Given records -
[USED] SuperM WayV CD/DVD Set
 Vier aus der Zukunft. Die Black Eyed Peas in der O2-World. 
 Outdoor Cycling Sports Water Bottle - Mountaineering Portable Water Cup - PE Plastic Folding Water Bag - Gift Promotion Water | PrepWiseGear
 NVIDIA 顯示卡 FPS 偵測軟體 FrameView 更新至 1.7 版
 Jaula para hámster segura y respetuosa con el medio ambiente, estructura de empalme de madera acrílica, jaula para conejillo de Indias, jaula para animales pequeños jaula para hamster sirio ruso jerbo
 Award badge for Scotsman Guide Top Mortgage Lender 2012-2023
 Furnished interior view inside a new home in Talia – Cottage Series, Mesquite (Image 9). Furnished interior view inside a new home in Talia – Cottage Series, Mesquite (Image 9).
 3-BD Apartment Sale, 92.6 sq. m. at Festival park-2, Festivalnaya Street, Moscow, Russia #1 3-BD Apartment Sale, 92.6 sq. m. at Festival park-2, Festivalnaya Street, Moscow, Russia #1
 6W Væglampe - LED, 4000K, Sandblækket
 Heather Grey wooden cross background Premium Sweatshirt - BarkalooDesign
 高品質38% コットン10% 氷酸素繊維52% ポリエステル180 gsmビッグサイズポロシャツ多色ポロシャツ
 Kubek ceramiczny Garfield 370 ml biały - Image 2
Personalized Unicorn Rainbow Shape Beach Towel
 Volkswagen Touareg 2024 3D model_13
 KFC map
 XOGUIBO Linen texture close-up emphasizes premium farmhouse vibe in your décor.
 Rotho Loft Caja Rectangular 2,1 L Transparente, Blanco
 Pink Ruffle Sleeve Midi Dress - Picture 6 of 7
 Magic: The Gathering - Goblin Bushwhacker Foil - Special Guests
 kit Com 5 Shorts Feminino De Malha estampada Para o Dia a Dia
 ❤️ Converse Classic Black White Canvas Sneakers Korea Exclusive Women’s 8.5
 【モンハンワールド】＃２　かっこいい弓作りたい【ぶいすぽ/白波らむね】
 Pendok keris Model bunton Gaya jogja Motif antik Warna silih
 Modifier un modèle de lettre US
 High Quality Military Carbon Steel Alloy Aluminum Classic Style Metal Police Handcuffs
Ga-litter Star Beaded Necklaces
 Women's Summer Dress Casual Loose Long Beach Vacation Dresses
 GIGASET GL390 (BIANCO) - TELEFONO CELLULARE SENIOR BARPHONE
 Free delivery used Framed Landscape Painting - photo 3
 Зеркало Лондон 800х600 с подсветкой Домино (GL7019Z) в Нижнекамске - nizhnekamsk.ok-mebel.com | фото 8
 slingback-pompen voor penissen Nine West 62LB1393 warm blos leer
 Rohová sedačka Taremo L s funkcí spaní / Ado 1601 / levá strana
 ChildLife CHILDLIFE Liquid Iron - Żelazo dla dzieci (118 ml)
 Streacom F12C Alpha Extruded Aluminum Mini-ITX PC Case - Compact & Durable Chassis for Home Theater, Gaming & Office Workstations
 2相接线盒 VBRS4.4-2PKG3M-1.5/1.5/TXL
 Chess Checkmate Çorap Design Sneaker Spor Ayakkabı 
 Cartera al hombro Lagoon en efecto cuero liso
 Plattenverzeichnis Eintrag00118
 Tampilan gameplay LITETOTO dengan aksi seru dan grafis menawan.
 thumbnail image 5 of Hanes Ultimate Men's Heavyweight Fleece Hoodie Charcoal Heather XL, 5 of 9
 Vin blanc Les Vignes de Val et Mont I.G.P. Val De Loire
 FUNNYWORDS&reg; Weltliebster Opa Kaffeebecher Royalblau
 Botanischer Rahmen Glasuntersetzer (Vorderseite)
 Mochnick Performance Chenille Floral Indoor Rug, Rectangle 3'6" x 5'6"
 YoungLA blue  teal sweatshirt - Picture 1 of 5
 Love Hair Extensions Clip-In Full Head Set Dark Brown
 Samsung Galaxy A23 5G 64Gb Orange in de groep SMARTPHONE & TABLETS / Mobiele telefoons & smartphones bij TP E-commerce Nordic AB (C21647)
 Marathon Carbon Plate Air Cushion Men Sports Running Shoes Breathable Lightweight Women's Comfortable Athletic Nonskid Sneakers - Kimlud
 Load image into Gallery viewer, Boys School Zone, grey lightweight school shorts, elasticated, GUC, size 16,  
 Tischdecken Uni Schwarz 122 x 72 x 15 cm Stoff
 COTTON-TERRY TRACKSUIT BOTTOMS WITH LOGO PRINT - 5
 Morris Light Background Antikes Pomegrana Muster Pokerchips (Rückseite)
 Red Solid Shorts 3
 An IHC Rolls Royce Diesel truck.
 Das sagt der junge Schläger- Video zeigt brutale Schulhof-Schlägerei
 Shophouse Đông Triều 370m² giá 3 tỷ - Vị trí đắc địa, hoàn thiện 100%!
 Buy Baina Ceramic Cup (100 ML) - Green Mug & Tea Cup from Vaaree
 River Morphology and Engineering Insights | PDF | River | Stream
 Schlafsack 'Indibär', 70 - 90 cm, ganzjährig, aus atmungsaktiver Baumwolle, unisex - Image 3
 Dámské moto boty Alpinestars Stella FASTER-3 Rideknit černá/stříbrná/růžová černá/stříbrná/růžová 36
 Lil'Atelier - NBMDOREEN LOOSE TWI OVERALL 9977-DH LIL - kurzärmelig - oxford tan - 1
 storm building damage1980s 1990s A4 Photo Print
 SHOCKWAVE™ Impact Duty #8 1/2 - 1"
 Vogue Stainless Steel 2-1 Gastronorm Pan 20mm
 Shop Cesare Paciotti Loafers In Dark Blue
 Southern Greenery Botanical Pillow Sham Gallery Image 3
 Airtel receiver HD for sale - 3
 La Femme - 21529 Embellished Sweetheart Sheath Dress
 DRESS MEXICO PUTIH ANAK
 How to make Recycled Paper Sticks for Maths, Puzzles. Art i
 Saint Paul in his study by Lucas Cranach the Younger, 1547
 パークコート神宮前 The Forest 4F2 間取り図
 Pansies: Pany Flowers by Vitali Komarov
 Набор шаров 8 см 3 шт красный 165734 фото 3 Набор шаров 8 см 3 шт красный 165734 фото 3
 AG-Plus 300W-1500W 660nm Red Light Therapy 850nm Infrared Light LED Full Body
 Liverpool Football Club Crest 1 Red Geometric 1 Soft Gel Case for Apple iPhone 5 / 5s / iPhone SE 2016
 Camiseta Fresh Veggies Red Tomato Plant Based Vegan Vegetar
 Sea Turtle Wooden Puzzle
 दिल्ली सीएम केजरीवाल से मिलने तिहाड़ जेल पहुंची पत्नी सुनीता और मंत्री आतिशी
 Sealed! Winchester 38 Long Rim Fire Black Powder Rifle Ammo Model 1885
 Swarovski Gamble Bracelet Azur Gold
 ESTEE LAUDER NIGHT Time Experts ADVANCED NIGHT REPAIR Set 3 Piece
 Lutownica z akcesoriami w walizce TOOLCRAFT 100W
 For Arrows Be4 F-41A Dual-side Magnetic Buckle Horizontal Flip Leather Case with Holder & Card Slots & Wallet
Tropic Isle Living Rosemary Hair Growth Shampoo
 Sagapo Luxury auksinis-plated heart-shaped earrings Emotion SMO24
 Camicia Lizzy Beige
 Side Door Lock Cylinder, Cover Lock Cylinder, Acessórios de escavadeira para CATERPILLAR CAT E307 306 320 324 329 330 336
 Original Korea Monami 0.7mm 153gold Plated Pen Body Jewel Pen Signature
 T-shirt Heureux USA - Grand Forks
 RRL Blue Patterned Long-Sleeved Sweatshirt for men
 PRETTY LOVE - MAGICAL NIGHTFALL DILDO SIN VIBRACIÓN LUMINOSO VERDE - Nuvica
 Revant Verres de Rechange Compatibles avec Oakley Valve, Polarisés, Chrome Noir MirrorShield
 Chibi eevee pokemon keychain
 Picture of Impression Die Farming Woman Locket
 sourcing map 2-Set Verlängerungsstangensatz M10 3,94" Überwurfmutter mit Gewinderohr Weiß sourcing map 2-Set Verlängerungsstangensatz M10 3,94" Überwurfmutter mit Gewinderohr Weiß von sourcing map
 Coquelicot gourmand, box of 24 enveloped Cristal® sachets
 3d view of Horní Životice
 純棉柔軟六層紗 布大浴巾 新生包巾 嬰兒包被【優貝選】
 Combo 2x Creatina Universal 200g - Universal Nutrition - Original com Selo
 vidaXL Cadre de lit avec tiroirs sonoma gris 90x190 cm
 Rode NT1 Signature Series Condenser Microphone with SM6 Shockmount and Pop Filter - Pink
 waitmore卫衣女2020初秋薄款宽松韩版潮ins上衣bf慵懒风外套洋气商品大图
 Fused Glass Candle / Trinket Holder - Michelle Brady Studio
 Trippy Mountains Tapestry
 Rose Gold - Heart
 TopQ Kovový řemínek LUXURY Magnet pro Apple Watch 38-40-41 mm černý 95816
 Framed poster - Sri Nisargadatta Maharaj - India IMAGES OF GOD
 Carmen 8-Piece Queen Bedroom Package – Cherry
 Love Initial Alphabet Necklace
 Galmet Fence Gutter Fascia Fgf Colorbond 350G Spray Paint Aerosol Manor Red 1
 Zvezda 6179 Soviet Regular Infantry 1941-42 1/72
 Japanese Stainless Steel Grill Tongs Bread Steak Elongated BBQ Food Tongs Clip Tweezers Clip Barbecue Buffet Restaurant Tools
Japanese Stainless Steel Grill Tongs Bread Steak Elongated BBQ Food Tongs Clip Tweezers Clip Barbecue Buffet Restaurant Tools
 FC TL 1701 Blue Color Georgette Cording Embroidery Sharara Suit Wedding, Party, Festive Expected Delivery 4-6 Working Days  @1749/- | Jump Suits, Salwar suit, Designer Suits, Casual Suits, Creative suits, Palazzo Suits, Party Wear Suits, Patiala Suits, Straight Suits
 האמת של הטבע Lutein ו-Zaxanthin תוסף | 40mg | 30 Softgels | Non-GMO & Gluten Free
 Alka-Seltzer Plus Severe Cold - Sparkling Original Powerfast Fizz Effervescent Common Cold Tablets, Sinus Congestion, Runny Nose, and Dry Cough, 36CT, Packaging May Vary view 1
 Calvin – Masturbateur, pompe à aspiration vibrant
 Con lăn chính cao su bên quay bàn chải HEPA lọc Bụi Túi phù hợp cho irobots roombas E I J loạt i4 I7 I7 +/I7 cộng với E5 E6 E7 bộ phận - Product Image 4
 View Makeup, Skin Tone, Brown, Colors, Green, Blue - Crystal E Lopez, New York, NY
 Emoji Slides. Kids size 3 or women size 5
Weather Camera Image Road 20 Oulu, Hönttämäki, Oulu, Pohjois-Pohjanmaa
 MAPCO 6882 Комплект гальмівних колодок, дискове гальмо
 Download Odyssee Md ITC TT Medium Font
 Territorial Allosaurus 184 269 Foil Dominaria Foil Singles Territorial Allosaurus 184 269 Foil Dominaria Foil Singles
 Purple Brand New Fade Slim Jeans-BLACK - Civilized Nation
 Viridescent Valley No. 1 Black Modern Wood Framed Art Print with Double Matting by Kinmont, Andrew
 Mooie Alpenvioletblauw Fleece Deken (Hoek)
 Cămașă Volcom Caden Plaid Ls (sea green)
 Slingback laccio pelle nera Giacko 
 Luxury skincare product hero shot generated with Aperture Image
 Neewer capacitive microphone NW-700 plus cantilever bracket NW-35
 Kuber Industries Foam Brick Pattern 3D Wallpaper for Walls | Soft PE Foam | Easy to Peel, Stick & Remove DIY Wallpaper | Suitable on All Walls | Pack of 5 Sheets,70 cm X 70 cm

What this task involves -
Within the data, how many lines hold "Buffet"? Respond with only the number.

Answer to the problem -
2